Farm & Ranch: Marketing Demands Flexibility

Athletes who are stiff, tight and inflexible risk injuries. So do farmers and ranchers whose market strategies are stiff. And let’s face it, some producers are downright rigid in their approach to marketing.

That’s understandable because farmers and ranchers are a conservative lot. They’re most comfortable with things the way they’ve always been, doing things the way they’ve always been done. Unfortunately, that’s not always a good idea, on either the production or the marketing side of agriculture.

What I’m about to suggest will serve as a good test of a producer’s mental flexibility.
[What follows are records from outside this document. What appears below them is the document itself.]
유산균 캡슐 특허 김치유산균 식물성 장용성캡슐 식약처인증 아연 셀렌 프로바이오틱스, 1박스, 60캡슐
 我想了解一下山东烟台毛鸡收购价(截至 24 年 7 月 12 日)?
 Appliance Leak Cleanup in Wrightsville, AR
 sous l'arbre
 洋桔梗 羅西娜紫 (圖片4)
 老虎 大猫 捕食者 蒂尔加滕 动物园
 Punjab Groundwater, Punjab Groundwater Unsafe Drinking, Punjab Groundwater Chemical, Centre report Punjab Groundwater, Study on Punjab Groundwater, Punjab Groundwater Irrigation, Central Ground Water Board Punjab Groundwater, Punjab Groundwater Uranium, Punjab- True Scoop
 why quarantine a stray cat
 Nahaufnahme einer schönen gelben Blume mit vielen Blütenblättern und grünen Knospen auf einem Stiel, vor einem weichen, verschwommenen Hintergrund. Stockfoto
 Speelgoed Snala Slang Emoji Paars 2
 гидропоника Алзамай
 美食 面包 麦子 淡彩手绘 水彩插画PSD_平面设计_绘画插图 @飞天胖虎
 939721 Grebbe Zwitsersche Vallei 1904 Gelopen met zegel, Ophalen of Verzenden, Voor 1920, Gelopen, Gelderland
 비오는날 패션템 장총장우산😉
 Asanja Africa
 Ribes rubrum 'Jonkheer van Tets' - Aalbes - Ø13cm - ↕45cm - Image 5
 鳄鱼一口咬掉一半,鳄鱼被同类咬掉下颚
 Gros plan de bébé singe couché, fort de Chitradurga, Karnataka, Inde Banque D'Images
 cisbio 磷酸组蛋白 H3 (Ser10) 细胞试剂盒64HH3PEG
Perhaps I’ve been hanging out too long with economists, but I’m going to just hint that sometimes producers might be better off if they capped their potential for profits instead of holding crops in hopes of better prices down the road.

“Whoa!,” you say, “I’m not making enough profit now.” Indeed, too many producers aren’t making any profit at all. There’s no disputing that, but economists still say that sometimes farmers would be better off if they didn’t try to maximize revenues.

Matthew Benson, a Washington State University graduate student in agricultural economics, wrote his master’s thesis on hedging white wheat futures. He says most farmers say, “The price is the price and I can’t do anything about it.” Benson answers, “But you can do something about it. You can say, ‘I’ll try to protect my revenues.’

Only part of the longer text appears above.